I usually watch the Consuelo Mack show; it is on Sunday at 1pm where I live. The topic this week was the importance of dividends with Ben Stein, Robert Kessler and David Winters.
Kessler and Stein got into a tiff over something said by Kessler that I too question or perhaps the result is a data anomaly.
Kessler said that over the last "20 odd" years the return of treasuries, specifically zero coupon bonds, has equaled stocks.
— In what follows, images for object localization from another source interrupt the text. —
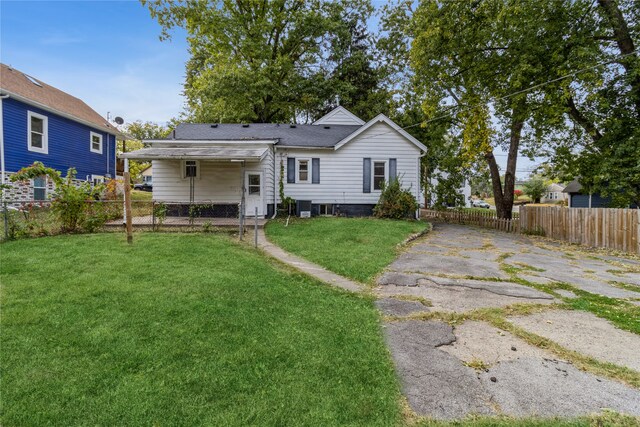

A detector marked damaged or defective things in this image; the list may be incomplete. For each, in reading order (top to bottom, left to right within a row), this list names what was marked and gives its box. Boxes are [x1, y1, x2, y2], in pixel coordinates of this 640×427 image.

cracked asphalt driveway [376, 224, 640, 422]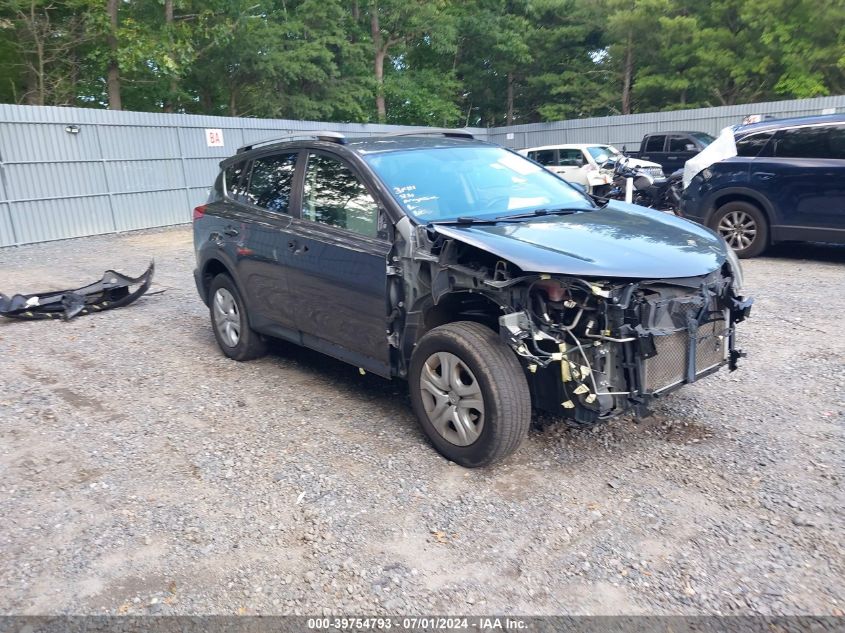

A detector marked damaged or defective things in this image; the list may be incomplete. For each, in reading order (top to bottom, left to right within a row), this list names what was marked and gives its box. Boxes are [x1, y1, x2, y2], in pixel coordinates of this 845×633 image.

front bumper missing [0, 260, 155, 320]
damaged dark suv [193, 130, 752, 464]
crushed front end [494, 268, 752, 422]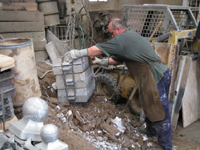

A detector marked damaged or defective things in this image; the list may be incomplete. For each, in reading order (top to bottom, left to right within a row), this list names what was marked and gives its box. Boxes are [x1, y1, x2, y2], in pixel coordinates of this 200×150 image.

rusty metal crate [122, 4, 198, 40]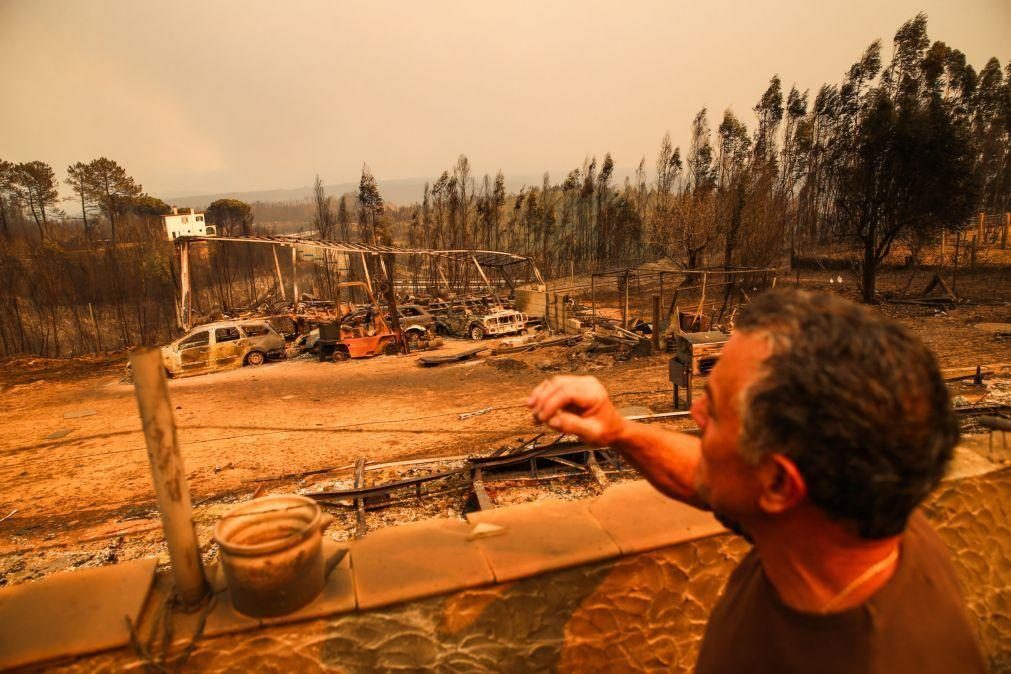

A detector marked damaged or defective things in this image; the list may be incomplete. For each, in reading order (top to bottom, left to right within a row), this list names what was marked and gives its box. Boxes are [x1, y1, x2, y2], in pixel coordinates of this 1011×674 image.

burned vehicle [159, 318, 284, 376]
charred car [159, 318, 284, 376]
burned vehicle [316, 280, 404, 360]
rusted forklift [320, 280, 408, 360]
burned vehicle [438, 300, 528, 342]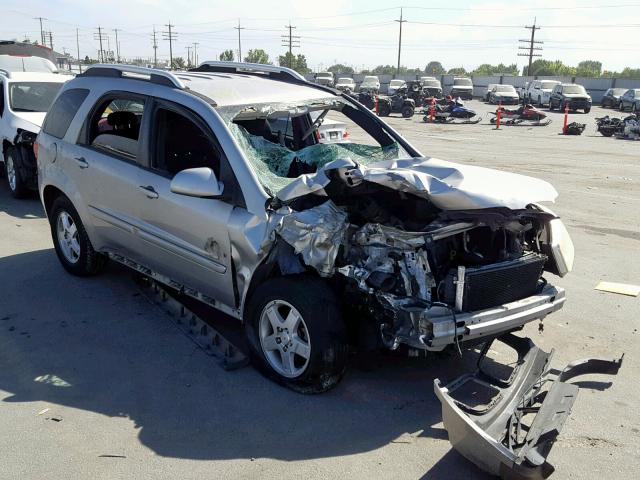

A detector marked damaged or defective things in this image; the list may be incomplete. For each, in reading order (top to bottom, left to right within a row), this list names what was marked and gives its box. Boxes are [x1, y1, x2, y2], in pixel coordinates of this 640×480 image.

crumpled hood [10, 111, 46, 132]
shattered windshield [218, 97, 412, 195]
crumpled hood [278, 158, 556, 210]
severely damaged suv [36, 62, 620, 478]
detached front bumper [432, 334, 624, 480]
damaged door panel [432, 334, 624, 480]
crushed front end [432, 334, 624, 480]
I think Ben would still be telling Kessler he's wrong if Consuelo hadn't jumped in.
Kessler said one thing that was confusing for people new to zeros he said "over the last 20 years they have outperformed almost every asset class for only one reason; that they are consistently paying interest." Well zeros pay no interest they accrete higher in price yes but pay interest no.
At one point he says it works because over the last 20 or 25 years zeros have compounded at 5% or 6%. Well at no point in the 1980's (according to Yahoo Finance) did 30 year treasury yields go below 7%. He may be using yields as high as 14% for his work.
I am not positive what long term zeros were "yielding" 20 years ago but Yahoo has the yield of a regular 30 year treasury bond at 7.5% (about the low of the decade) in March 1987.
I did a calculation of a 20 year period ending 12/31/2006 and zeros bought 20 years prior compounding at 10% would have had a roughly 610% increase. The S&P 500 opened at 242.17 on January 1, 1987 and closed out 2006 at 1418 so the gain from that period in stocks works out to about 590% so he's right! Oh wait, no, dividends, dang!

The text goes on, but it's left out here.